Data excerpt →
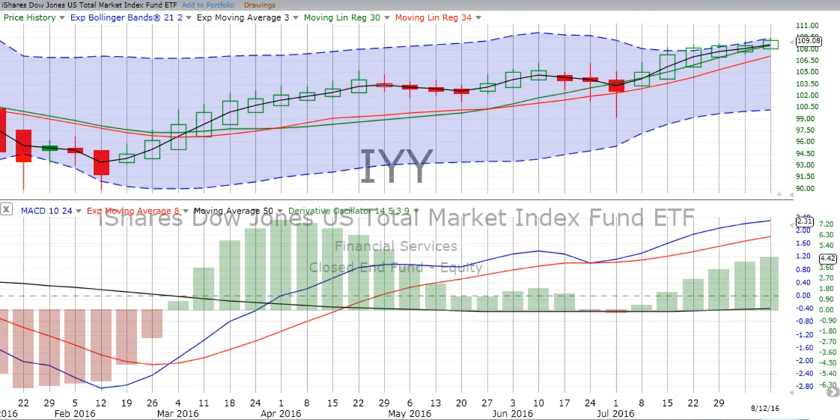You are listening to Charting Wealth's Weekly Review and Forecast for the week beginning Monday the 15th of August 2016.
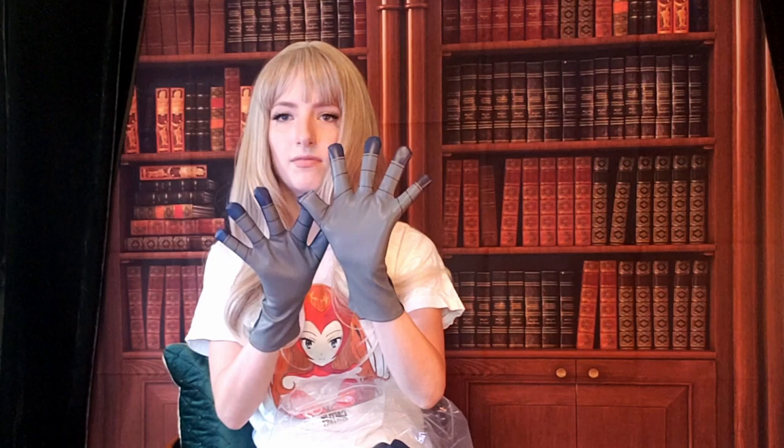Luckily it wouldn't be terrible to go out and find navy blue gloves to replace these. But for the sake of the review, I want to flag pieces you'd need to replace. If you're someone who just wants to get a costume and wear it without any changes, this is important to know. The gloves are, to me, the weakest part of this costume — really, really rough.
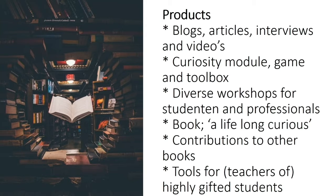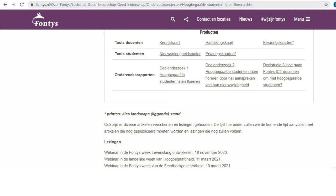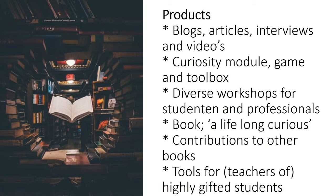Other products I developed and shared freely include, for example, a curiosity module that I developed together with a department of Fontys University, and games in a toolbox to stimulate curiosity among students. I'm also writing a book about lifelong curiosity and made contributions to other books. And one of the examples is also the research I did on how we can help highly gifted students flourish by addressing their curiosity.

Your instructions → Transcribe the listing exactly, skipping pictures.

Task response →
You are listening to Charting Wealth's Weekly Review and Forecast for the week beginning Monday the 15th of August 2016.
Luckily it wouldn't be terrible to go out and find navy blue gloves to replace these. But for the sake of the review, I want to flag pieces you'd need to replace. If you're someone who just wants to get a costume and wear it without any changes, this is important to know. The gloves are, to me, the weakest part of this costume — really, really rough.
Other products I developed and shared freely include, for example, a curiosity module that I developed together with a department of Fontys University, and games in a toolbox to stimulate curiosity among students. I'm also writing a book about lifelong curiosity and made contributions to other books. And one of the examples is also the research I did on how we can help highly gifted students flourish by addressing their curiosity.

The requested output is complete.